Redundancy and Uptime
Is your data center maximally redundant?
Running a data center is a tricky business. Operational controls and efficiences are paramount. From the customer perspective though, the key word is: uptime. While the day to day operations are important, its the operations that result in maintaining customer uptime as the most critical.
Many data centers tout uptime statistics. In fact, the Uptime Institute is an organization that has developed standards surrounding levels of redundancy within data centers and the types of uptime that is to be expected. Most data centers strive to achieve what is known as Tier IV, or the highest tier. To get there, a data center must have multiple active systems (cooling, electrical, etc) such that failure of any single system goes unnoticed. This allows the data center to target 99.995% uptime.
Because of the expense, most data centers choose to build to Tier III, or close to it. They sacrifice some of the inherent redundancies for operational and capital cost.

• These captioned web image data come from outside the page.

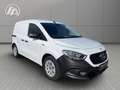 Mercedes-Benz Citan Kasten BASE Standard Klima*45kWh*22kW*EFH Weiß - thumbnail 6
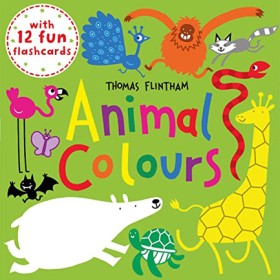 ANIMAL COL …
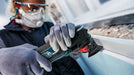 BOSCH PRO ACZ 100 SWB list testere za višenamenski alat, 100 mm - Segment lista testere RB - 1ER ACZ100 SW (2608669123) Madras doo Beograd Madras doo Beograd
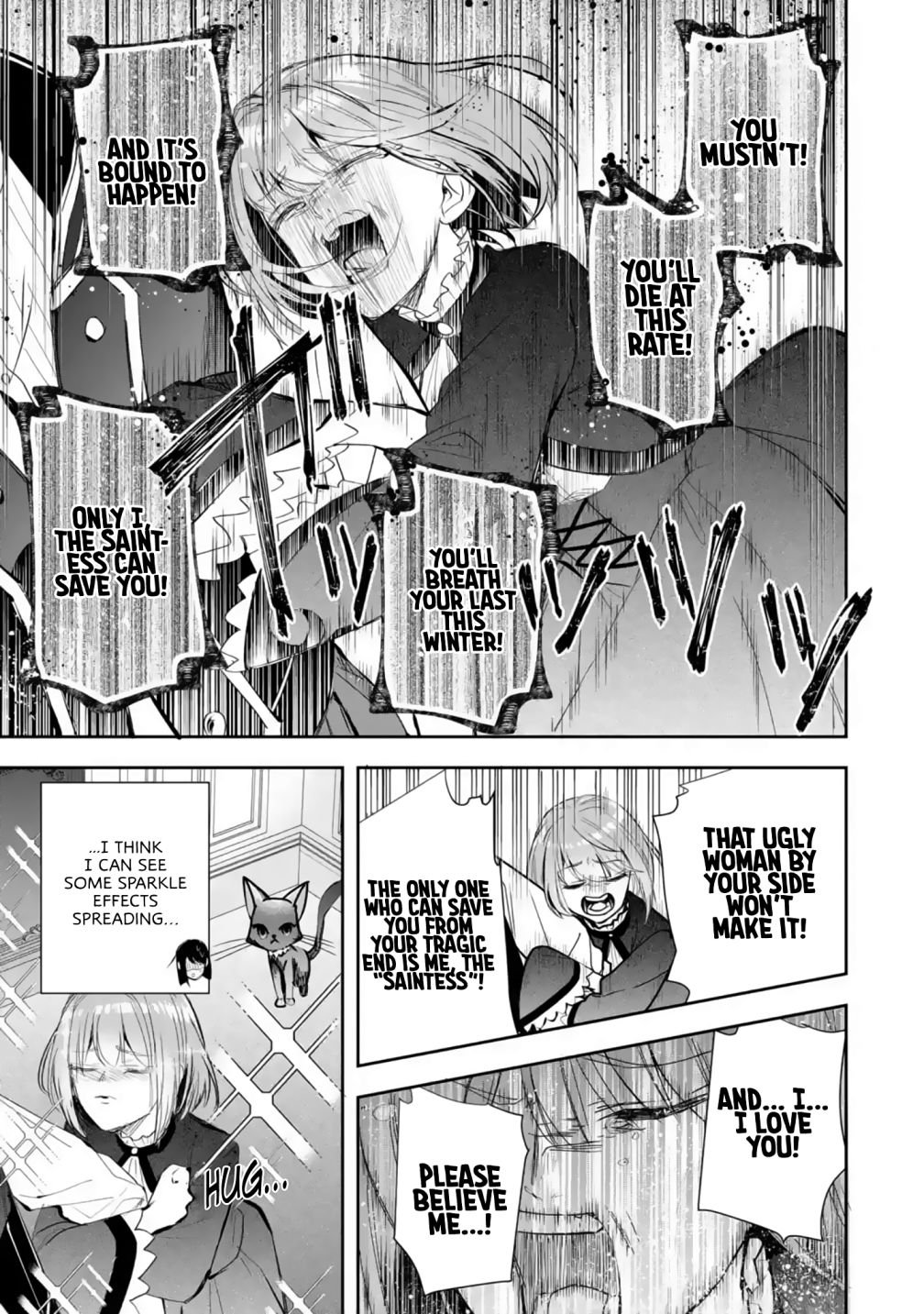 Page 7 of Chapter 5.2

One major aspect of data center redundancy is in the cooling systems. Most data centers employ multple CRAC (Computer Room Air Conditioner) units to keep the data center area cool. Generally, an extra unit is installed such that failure of any single unit will go unnoticed to the end user. This is generally known as an N+1 setup, meaning N is the number of units needed to operate, and +1 denotes an extra unit is running as a backup.

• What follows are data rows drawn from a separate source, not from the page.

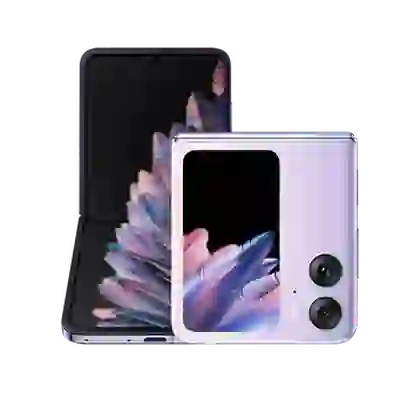 wp-content/uploads/images/products/227377/oppo-find-n2-flip-8gb-256gb-cu-dep-17591488247237.png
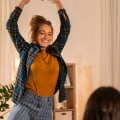 Charades - The Ultimate Guide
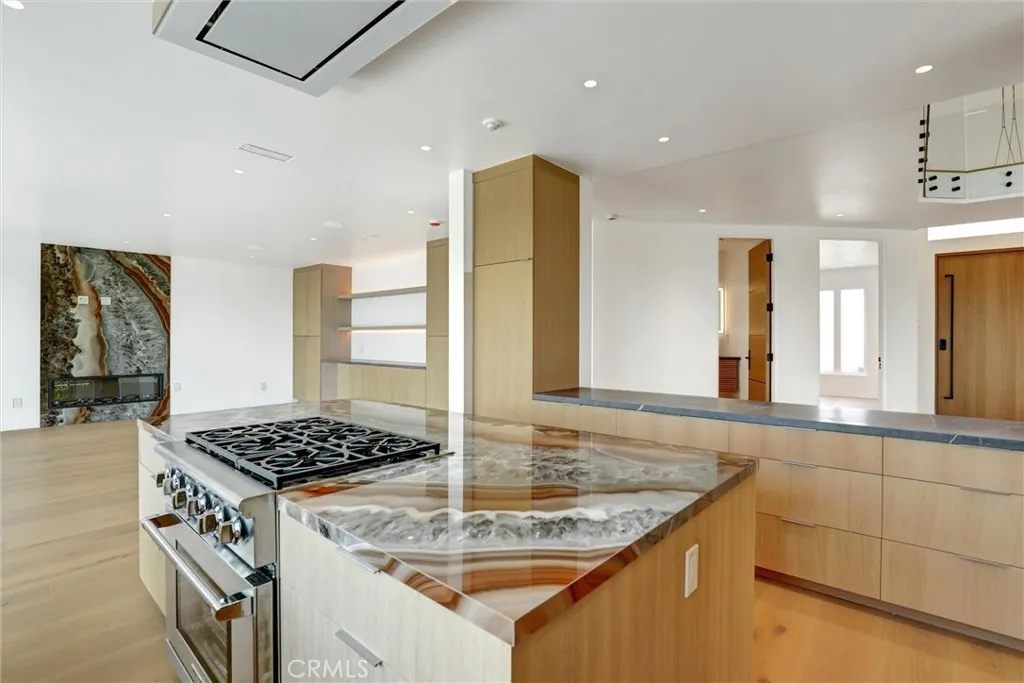 Additional image 66 of Address Not Available, Costa Mesa, CA 92627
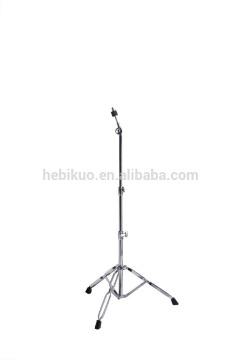 CST2000 High Quality Drum Set Accessories Straight Cymbal Stand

While this design is sound, the CRAC units are not the only part of the entire cooling system that is critical. The CRAC units themselves must be serviced by another piece of the HVAC chain, be it a refrigerant based system or a chilled water based system. Thus, there should also be some redundancy in those servicing systems as well.
Does the data center have multiple units that can withstand a single point of failure? If not, then having an extra CRAC unit is not an encompassing N+1 design of the overall HVAC system.
Furthermore, what about the piping to and from the CRAC units? Are there multiple sets of pipes supporting the units in case a pipe does break? If there is a single piece of infrastructure, such as a pipe, that supports multiple units, and there is no backup pipe, there may be problems.
Most data centers will offer redundant electrical circuits, commonly called A+B feeds. Again, it is necessary to follow the distribution chain of these circuits back to the source. Do they go to separate power distribution units? If not, there is a single point of failure. Do they go back to separate UPS units? If not, there is a single point of failure. Does the power come in from two separate transformers? If not, there is a single point of failure.
Furthermore, what happens during a power outage. Just about every critical data center will have backup generator capacity, but is it just a single generator? What happens if the generator fails to start? What happens if the service department is performing an oil change on the generator when the power goes out? Again, this is another single point of failure risk that must be analyzed.